Extracted entries:
---
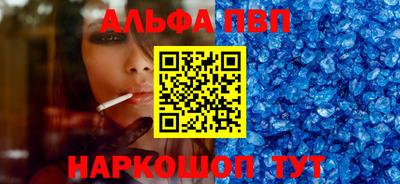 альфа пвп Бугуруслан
---
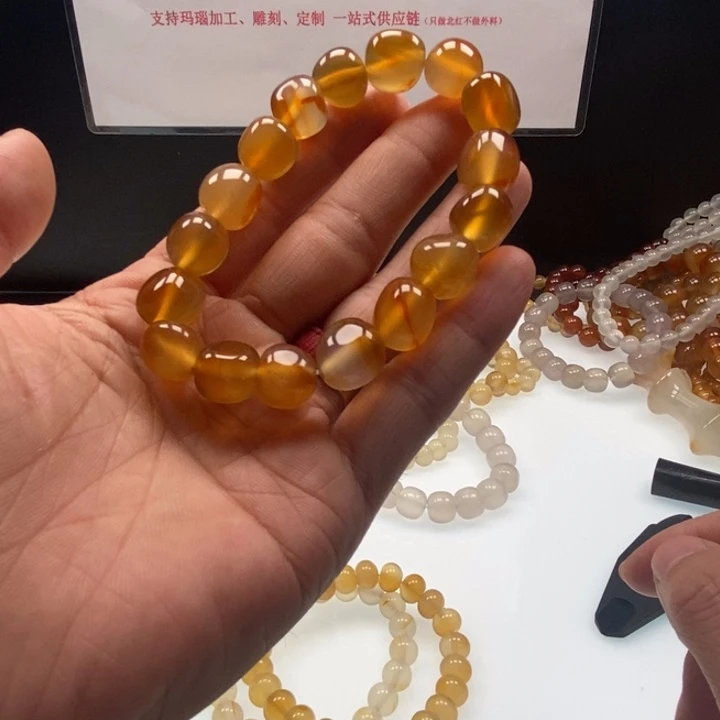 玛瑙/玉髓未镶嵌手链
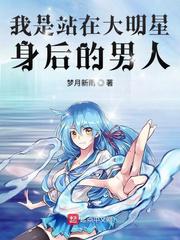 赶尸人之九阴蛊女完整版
---
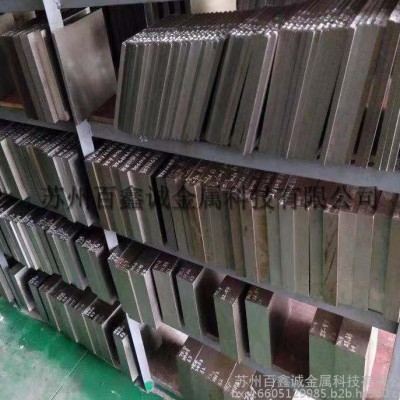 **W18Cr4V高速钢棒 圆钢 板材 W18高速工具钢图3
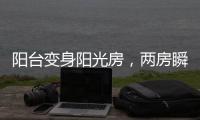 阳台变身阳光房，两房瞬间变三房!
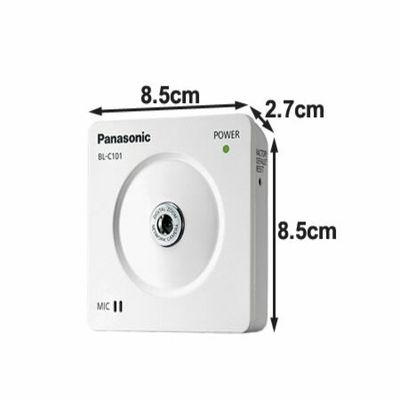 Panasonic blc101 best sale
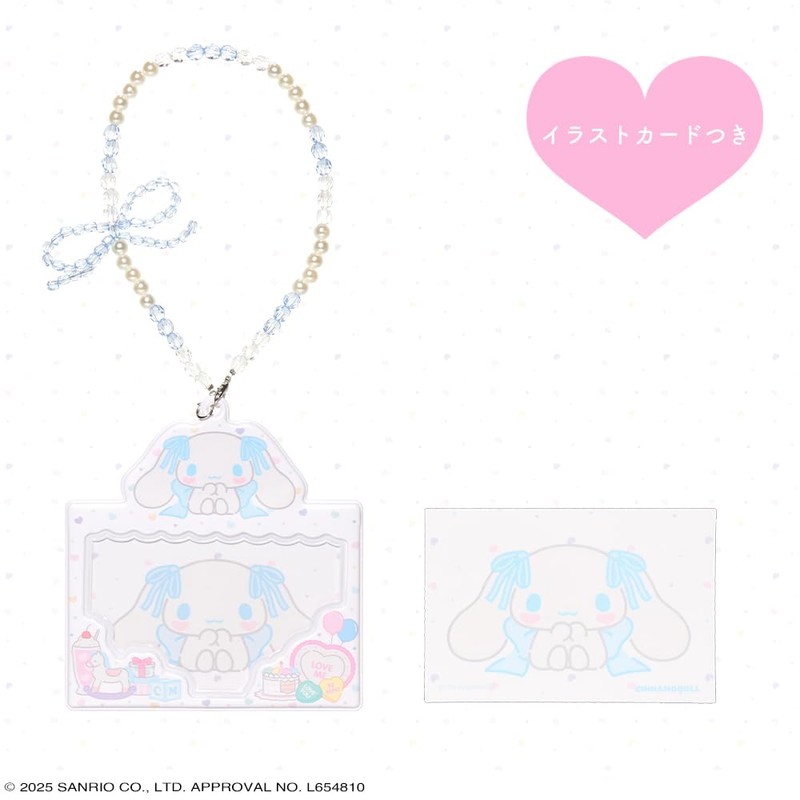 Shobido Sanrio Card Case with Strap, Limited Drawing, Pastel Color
---
Problem to work on: Everything from the line with "阳台变身阳光房，两房瞬间变三房!" through the line with "Shobido Sanrio Card" in the material above should be transcribed exactly, except the pictures.

Answer:
 阳台变身阳光房，两房瞬间变三房!
 Panasonic blc101 best sale
 Shobido Sanrio Card Case with Strap, Limited Drawing, Pastel Color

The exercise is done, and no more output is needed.